Your transcription must include every record word for word and no pictures.
(The input)
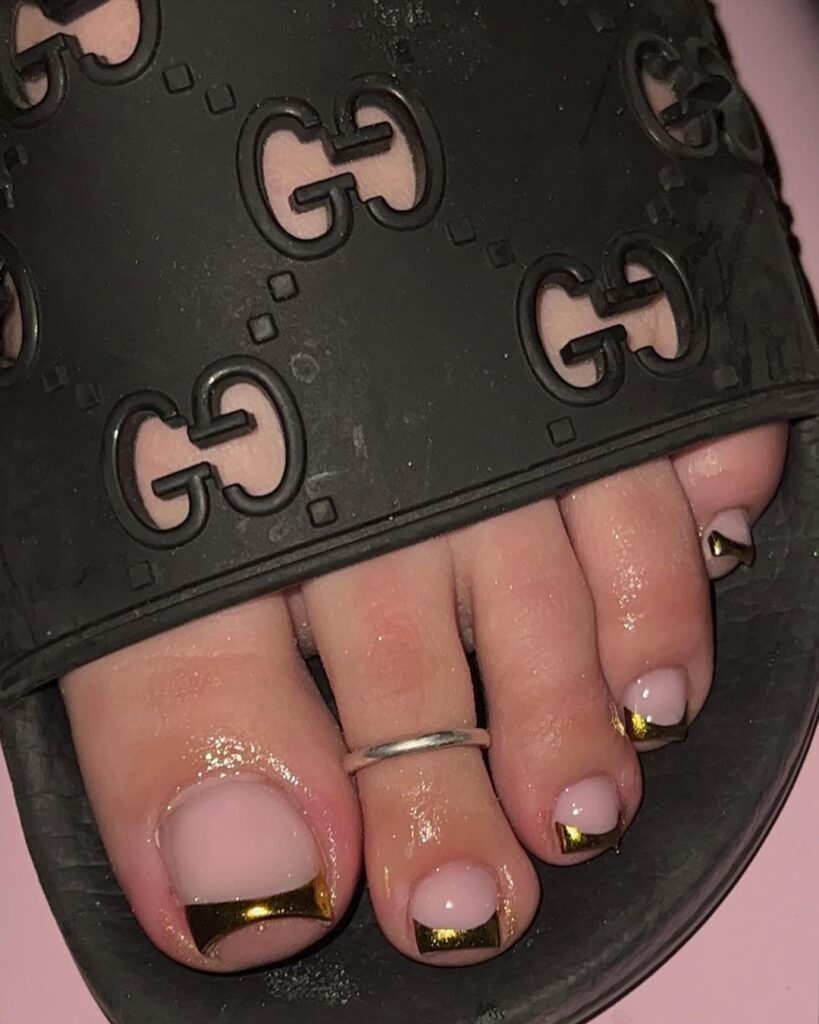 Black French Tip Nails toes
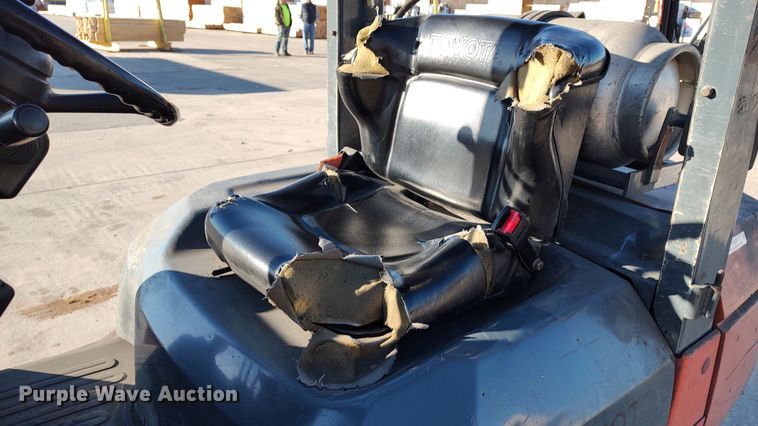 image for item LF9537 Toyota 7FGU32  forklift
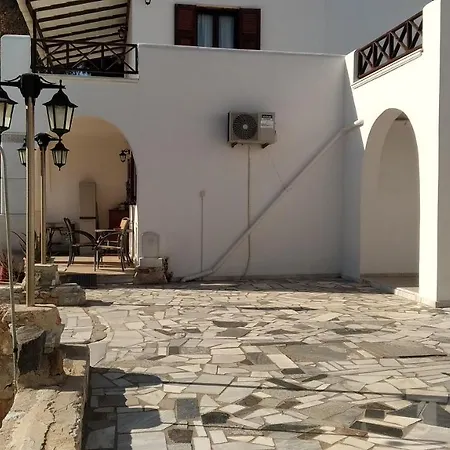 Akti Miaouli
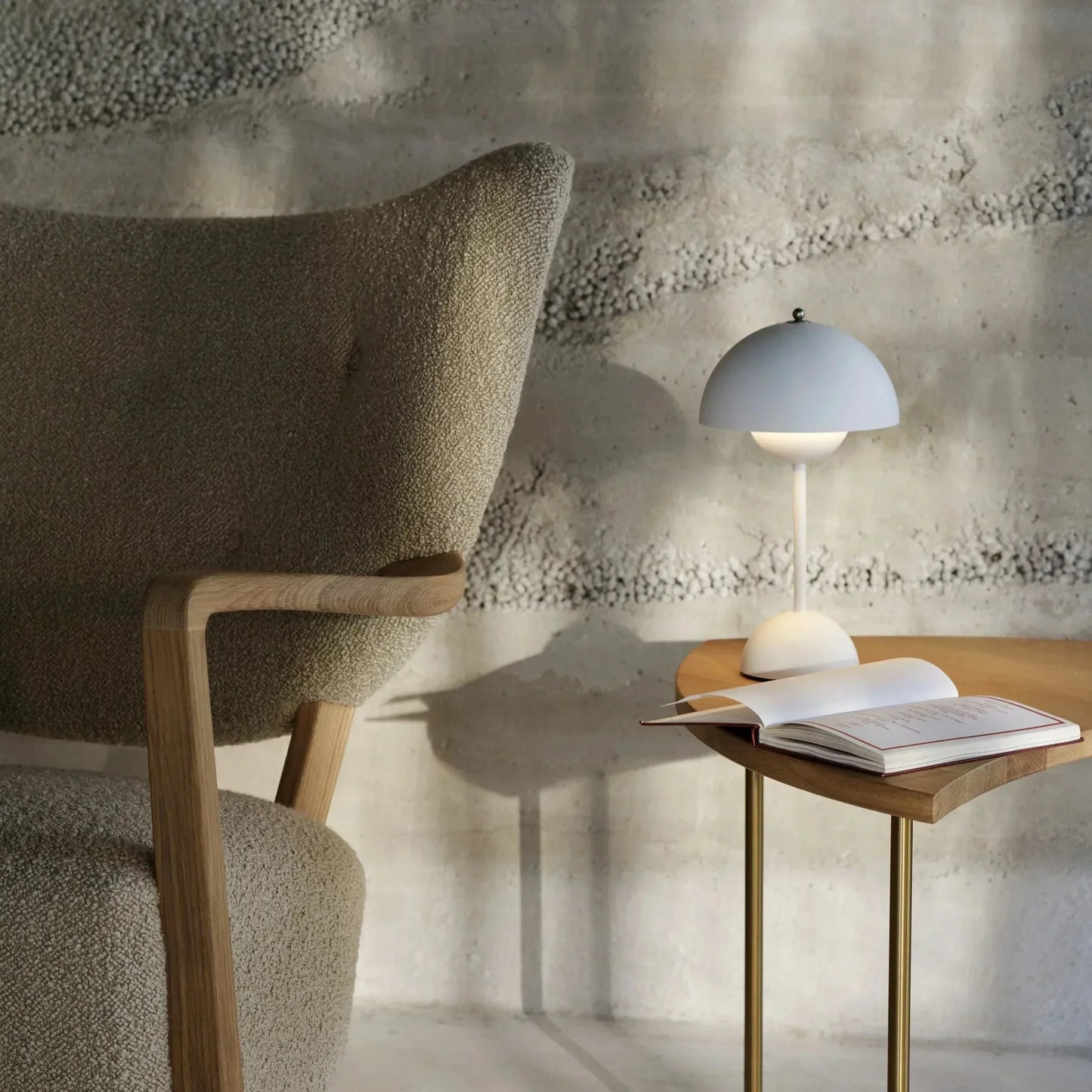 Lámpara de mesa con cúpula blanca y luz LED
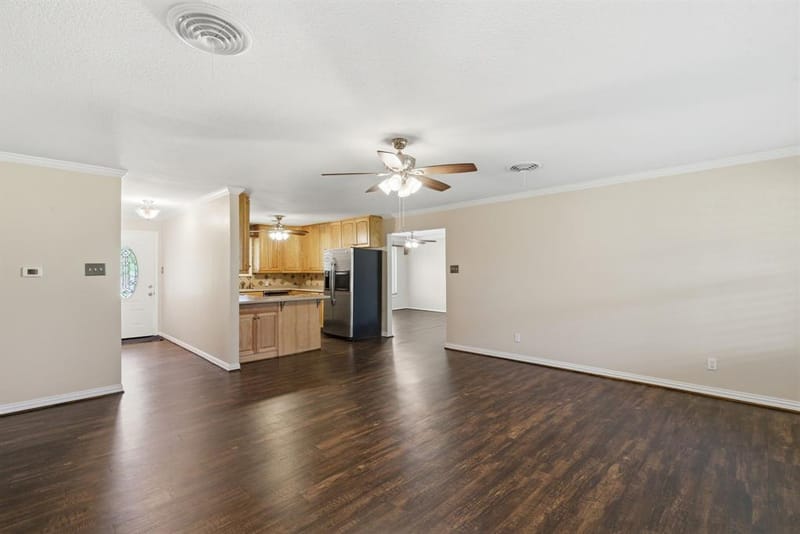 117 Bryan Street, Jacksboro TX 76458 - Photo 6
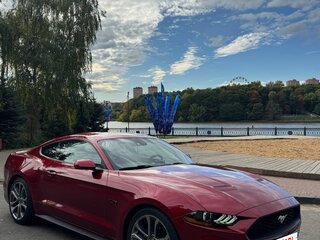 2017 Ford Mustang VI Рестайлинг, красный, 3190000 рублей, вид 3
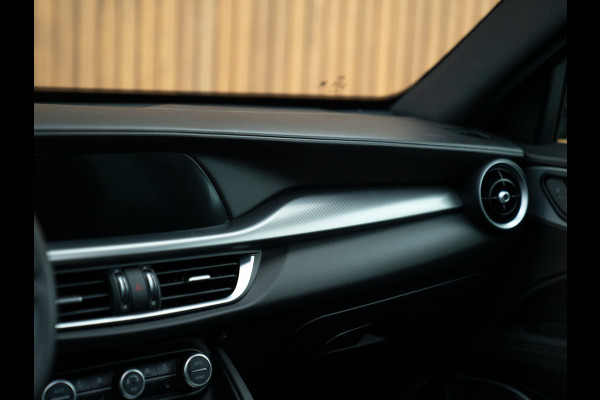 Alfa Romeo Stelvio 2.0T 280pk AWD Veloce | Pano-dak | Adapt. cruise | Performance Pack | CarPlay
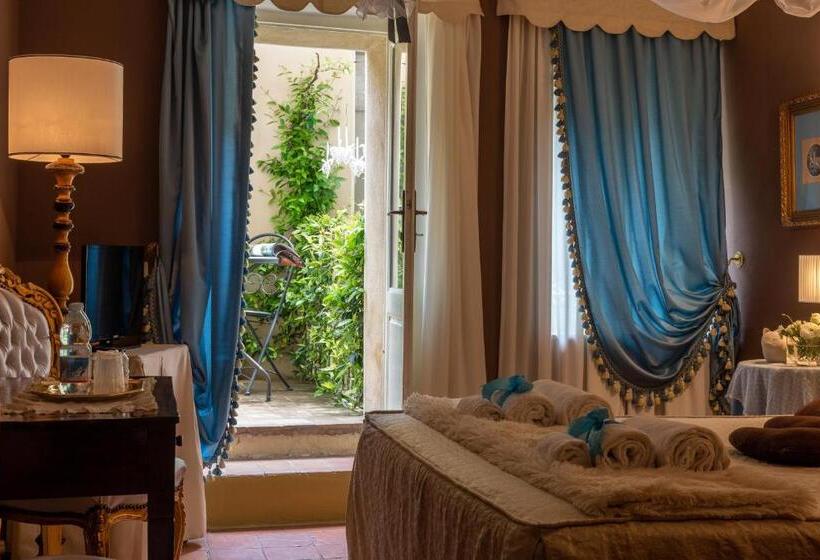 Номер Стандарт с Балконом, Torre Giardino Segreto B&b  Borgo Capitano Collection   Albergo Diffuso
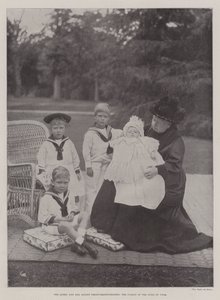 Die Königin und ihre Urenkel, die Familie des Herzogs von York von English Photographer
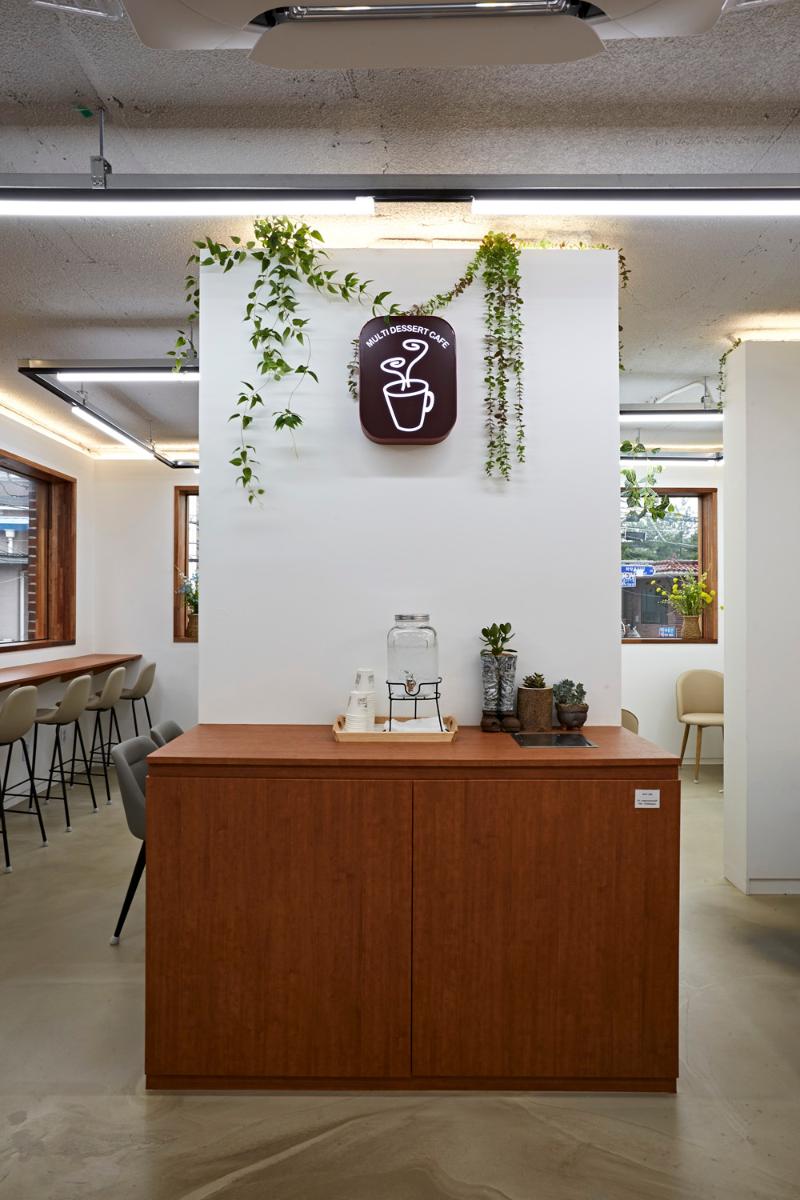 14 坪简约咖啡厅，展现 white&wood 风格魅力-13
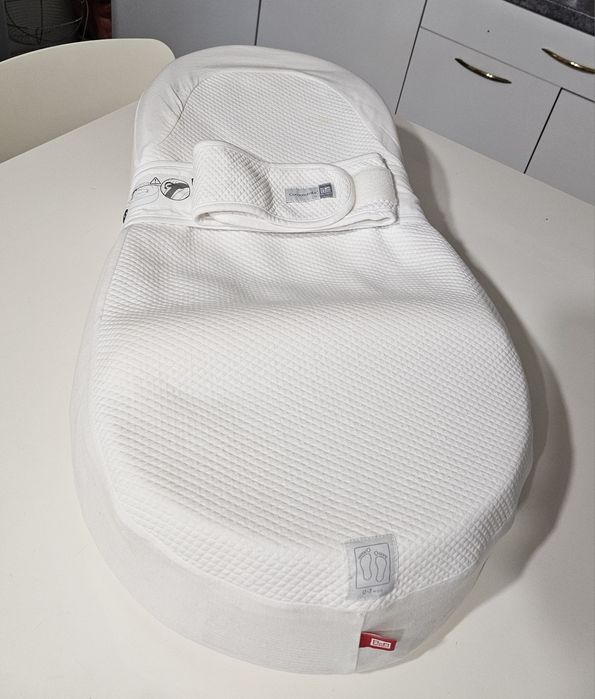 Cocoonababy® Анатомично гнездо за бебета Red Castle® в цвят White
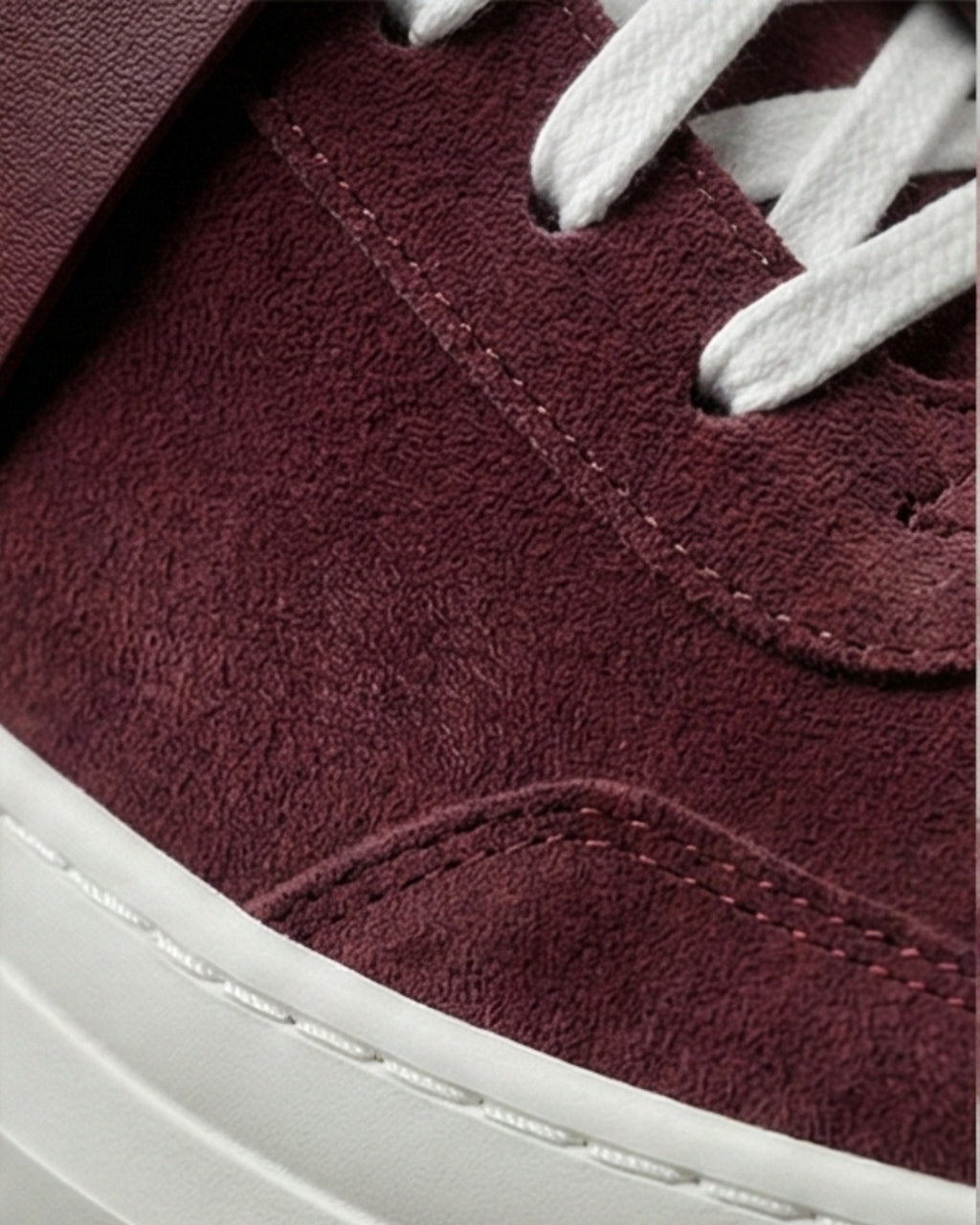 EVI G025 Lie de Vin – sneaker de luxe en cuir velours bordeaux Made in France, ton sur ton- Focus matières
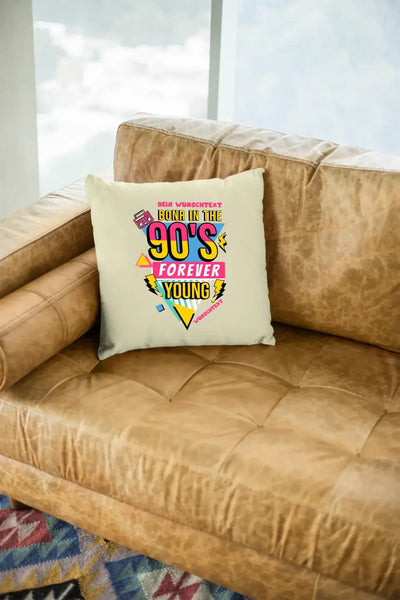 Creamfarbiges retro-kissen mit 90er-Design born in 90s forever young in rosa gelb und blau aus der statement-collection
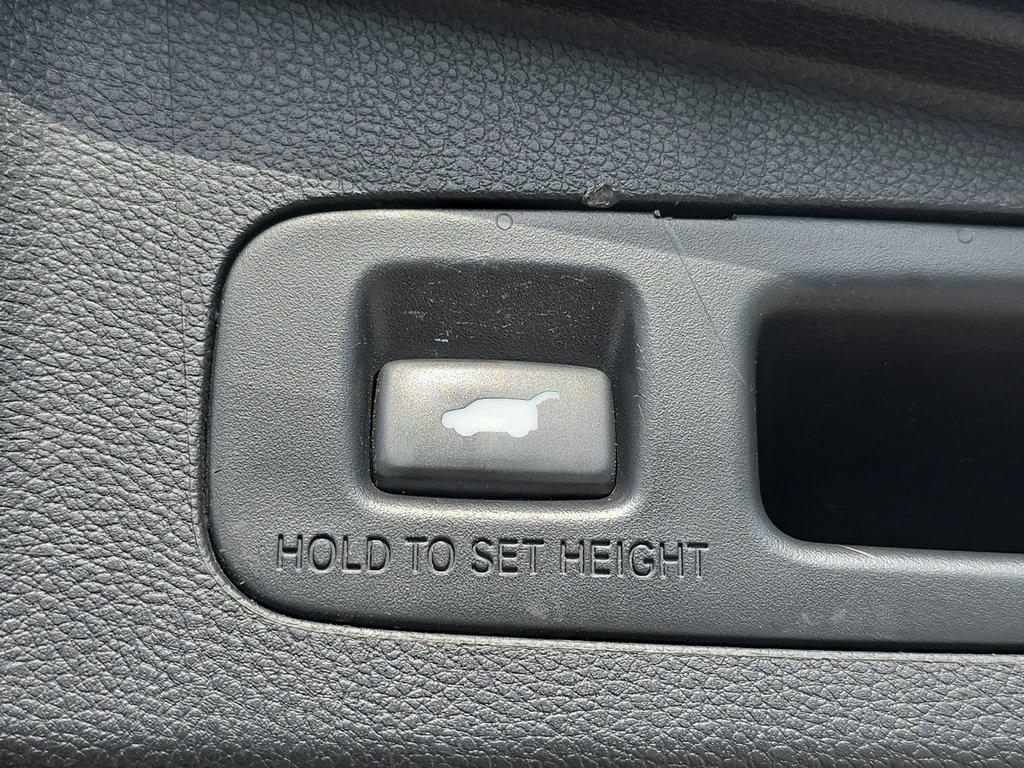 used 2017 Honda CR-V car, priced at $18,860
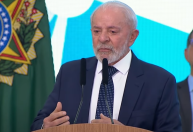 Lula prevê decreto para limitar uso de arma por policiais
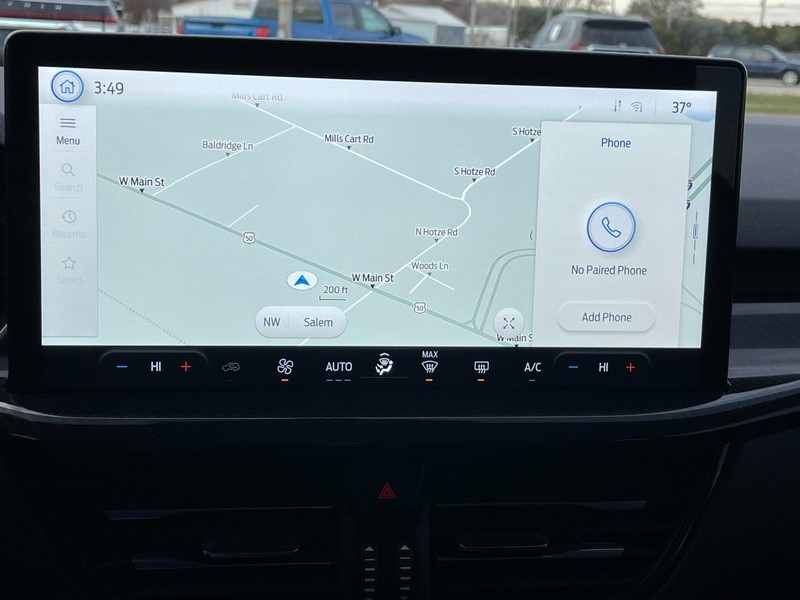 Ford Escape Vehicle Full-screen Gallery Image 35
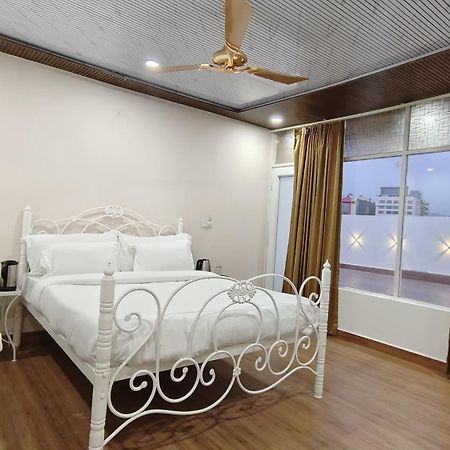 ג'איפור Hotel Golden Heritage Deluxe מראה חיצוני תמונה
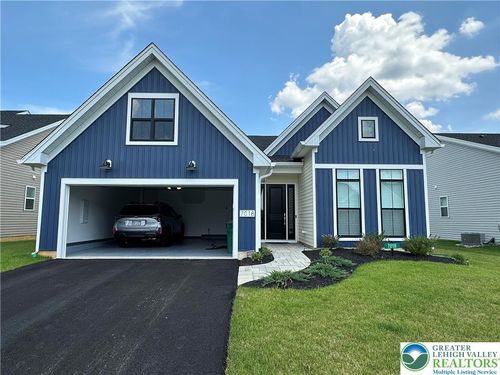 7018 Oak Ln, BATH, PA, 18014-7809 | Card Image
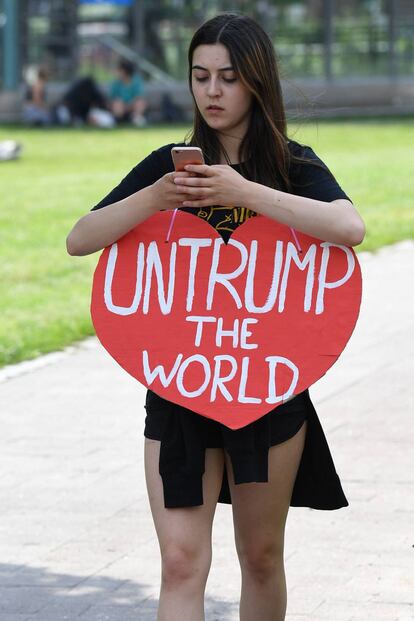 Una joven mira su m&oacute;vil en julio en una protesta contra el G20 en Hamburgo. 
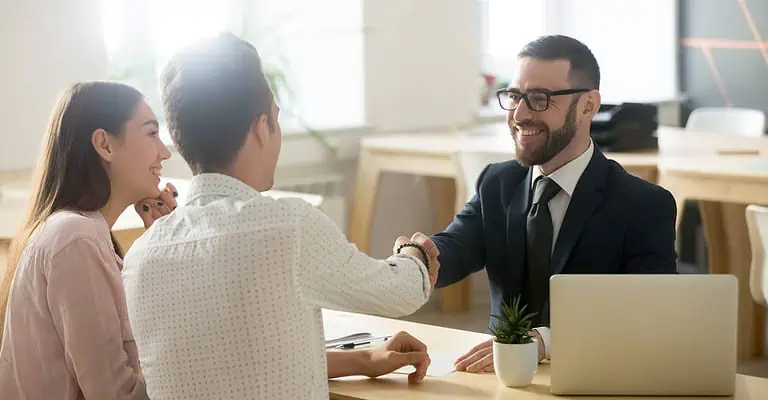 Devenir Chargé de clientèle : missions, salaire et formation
(End The input)
▸ **Completed task**
 Black French Tip Nails toes
 image for item LF9537 Toyota 7FGU32  forklift
 Akti Miaouli
 Lámpara de mesa con cúpula blanca y luz LED
 117 Bryan Street, Jacksboro TX 76458 - Photo 6
 2017 Ford Mustang VI Рестайлинг, красный, 3190000 рублей, вид 3
 Alfa Romeo Stelvio 2.0T 280pk AWD Veloce | Pano-dak | Adapt. cruise | Performance Pack | CarPlay
 Номер Стандарт с Балконом, Torre Giardino Segreto B&b  Borgo Capitano Collection   Albergo Diffuso
 Die Königin und ihre Urenkel, die Familie des Herzogs von York von English Photographer
 14 坪简约咖啡厅，展现 white&wood 风格魅力-13
 Cocoonababy® Анатомично гнездо за бебета Red Castle® в цвят White
 EVI G025 Lie de Vin – sneaker de luxe en cuir velours bordeaux Made in France, ton sur ton- Focus matières
 Creamfarbiges retro-kissen mit 90er-Design born in 90s forever young in rosa gelb und blau aus der statement-collection
 used 2017 Honda CR-V car, priced at $18,860
 Lula prevê decreto para limitar uso de arma por policiais
 Ford Escape Vehicle Full-screen Gallery Image 35
 ג'איפור Hotel Golden Heritage Deluxe מראה חיצוני תמונה
 7018 Oak Ln, BATH, PA, 18014-7809 | Card Image
 Una joven mira su m&oacute;vil en julio en una protesta contra el G20 en Hamburgo. 
 Devenir Chargé de clientèle : missions, salaire et formation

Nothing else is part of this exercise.